The third and final Presidential debate turned out to be a bit anticlimactic. Donald Trump actually performed relatively well, by his own low standards, managing to more or less focus on the issues, before blowing it at the end with his self-defeating reluctance to say he would accept the verdict of the very voters he was supposed to be trying to win over. Hillary Clinton, who, as all observers have noted, might well be struggling against a semi-competent opponent, once again had little to do but avoid disaster, which she managed with the ease one might expect from such a veteran operator.

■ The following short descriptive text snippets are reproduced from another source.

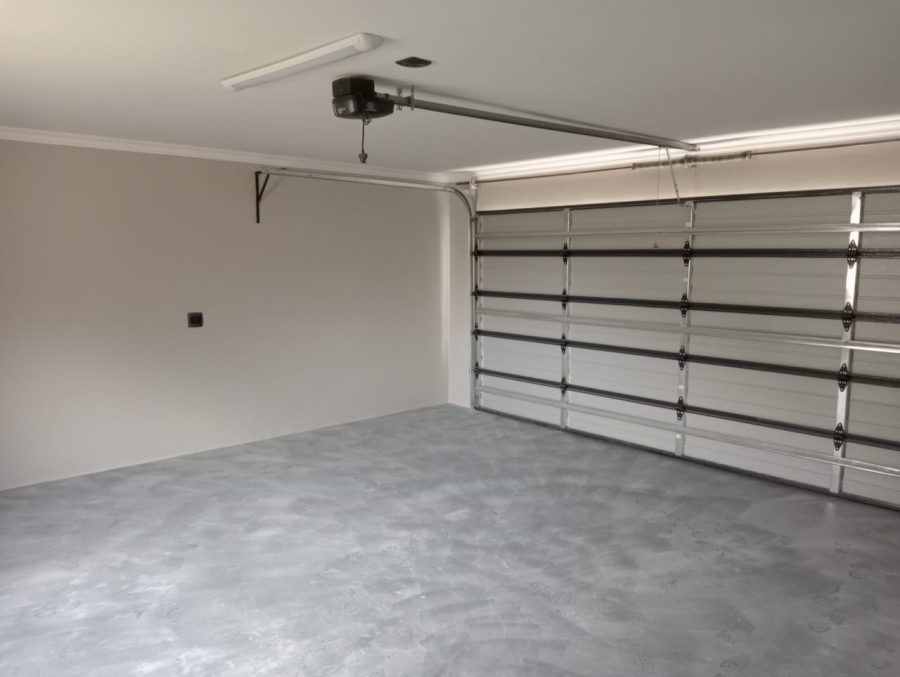 3 Bedroom Property for Sale in Somerton Estate Free State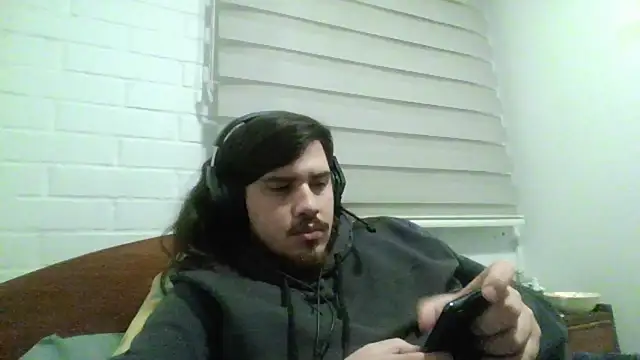 Snapshot of hung_weeb chatting on 23, 4, 2026 hung weeb online show from 23, 4, 2026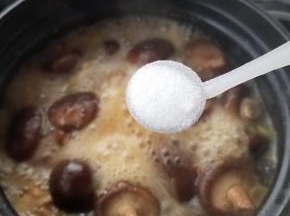 到时间后，加入一点海盐。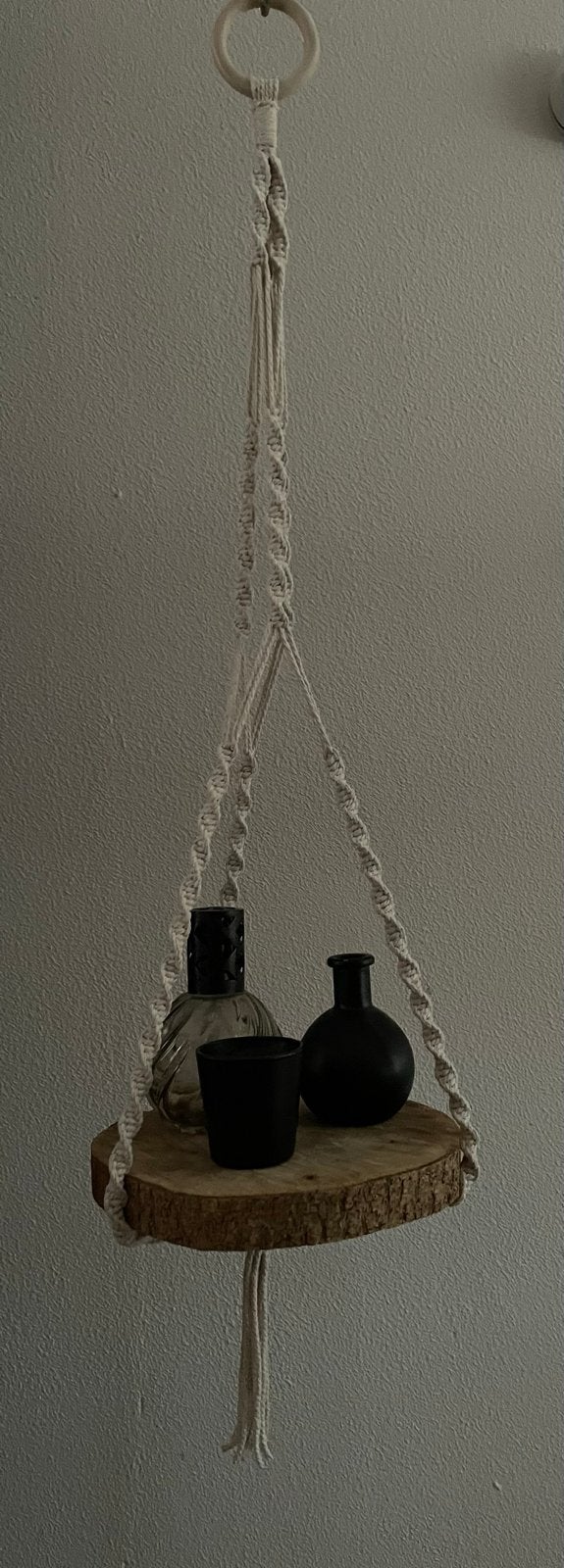 Handgemaakte macramé decoratie (excl. plank en potjes), Beige, Boho, Nieuw, Ophalen of Verzenden
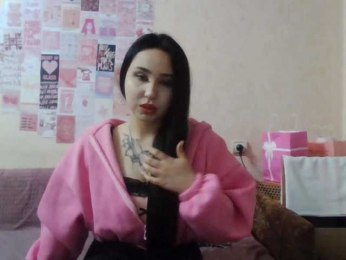 HalinaMogg webcam model stream image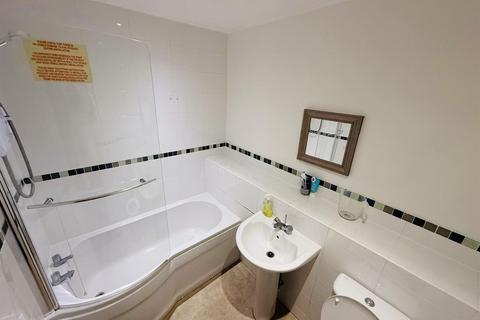 1 bedroom flat to rent, Childes Court, Henry Street, CV11 5SQ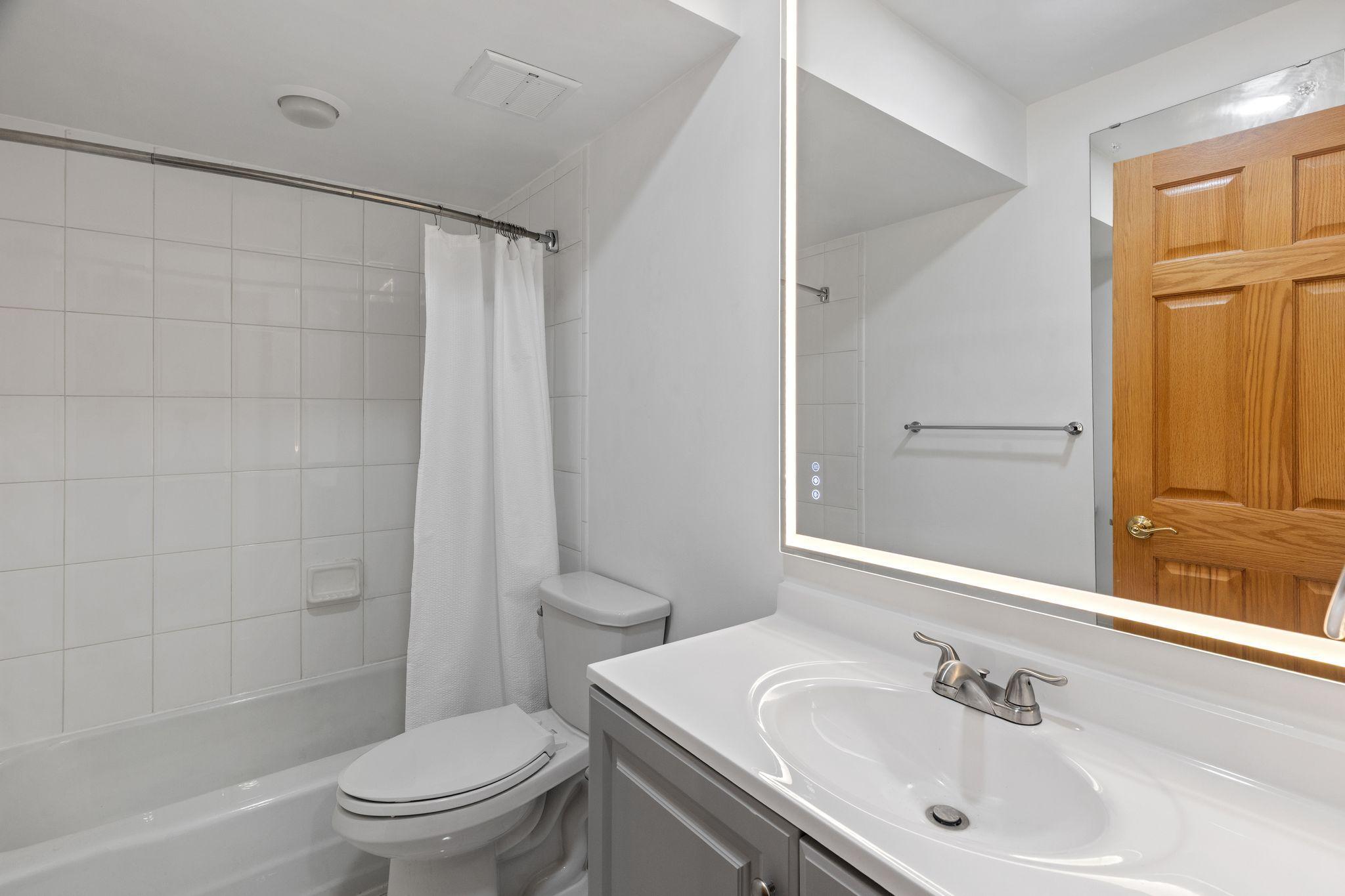 6301 Barrie Road Property Photo 24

The papers today have been full of hand-wringing about Trump undermining the traditions of US democracy, which I think is all rather overblown, especially now that he has started to walk back his “No Surrender” position. Hillary will win next month, and an exhausted electorate will move on. The GOP will regroup, and it will be business as usual by the end of the year, in Washington at least. There may be some grumbling from the disaffected elements that Trump has riled up, but they don’t constitute anything like an organised movement, so it’s unlikely to come to anything.

The best chance of real change probably lies in the remnants of the Sanders campaign, but that will be a long-term project. Hillary may progress some mild reform, but, whatever the right say, she’s no revolutionary. For the left, once the distraction of the quadrennial election has passed, it will, as ever, be back to the unglamorous grind of everyday activism, the sort of thing that actually gets things done.